**Prompt**. Which lines run from the start of the data below to the line containing "Templos em Bangkok."? Set them down exactly, with none added.

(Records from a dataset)
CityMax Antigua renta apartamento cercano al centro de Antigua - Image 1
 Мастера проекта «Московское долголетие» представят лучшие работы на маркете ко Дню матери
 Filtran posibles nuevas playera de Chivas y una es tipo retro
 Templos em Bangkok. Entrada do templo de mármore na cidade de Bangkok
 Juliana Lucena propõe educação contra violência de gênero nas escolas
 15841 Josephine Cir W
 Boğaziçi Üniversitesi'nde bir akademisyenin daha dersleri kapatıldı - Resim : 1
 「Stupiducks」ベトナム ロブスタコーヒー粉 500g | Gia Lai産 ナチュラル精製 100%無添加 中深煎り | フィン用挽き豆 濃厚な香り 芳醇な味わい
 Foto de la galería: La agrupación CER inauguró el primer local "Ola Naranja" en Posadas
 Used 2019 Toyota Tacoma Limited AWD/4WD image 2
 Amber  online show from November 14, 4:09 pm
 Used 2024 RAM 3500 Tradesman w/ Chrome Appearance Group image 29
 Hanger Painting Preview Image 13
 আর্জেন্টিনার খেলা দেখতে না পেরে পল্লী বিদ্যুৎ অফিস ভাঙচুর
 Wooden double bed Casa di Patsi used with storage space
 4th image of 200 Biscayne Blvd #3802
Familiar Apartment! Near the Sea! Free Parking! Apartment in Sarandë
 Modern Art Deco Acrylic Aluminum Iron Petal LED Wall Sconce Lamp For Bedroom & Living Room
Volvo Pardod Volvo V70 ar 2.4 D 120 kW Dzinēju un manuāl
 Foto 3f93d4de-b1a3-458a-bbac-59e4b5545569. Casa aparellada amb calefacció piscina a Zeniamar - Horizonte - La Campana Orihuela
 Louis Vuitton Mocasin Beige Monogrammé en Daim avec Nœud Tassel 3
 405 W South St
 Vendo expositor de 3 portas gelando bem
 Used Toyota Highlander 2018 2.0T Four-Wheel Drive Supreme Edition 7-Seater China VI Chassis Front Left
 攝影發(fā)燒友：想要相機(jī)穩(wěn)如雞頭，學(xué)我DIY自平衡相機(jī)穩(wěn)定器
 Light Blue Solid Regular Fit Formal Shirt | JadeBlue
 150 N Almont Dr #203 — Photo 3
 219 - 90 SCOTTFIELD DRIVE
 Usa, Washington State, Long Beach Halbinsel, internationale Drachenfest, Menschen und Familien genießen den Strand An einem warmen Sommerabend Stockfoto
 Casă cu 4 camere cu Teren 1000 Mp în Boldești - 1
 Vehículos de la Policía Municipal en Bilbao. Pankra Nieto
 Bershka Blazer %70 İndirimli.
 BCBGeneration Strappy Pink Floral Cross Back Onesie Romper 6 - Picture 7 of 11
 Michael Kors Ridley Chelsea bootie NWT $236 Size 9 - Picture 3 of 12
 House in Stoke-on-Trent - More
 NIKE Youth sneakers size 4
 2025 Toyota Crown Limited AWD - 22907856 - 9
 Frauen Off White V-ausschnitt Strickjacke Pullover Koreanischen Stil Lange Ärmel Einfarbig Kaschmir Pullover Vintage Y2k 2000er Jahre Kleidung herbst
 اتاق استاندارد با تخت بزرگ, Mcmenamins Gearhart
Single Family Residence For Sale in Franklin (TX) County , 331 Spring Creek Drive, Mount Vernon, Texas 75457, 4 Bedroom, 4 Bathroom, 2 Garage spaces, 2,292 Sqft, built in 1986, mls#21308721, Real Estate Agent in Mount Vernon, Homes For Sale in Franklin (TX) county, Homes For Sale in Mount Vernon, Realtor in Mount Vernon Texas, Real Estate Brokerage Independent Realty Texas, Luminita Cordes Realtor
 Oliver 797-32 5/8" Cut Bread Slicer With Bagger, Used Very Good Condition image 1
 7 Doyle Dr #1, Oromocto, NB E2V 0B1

**Task answer**.
CityMax Antigua renta apartamento cercano al centro de Antigua - Image 1
 Мастера проекта «Московское долголетие» представят лучшие работы на маркете ко Дню матери
 Filtran posibles nuevas playera de Chivas y una es tipo retro
 Templos em Bangkok. Entrada do templo de mármore na cidade de Bangkok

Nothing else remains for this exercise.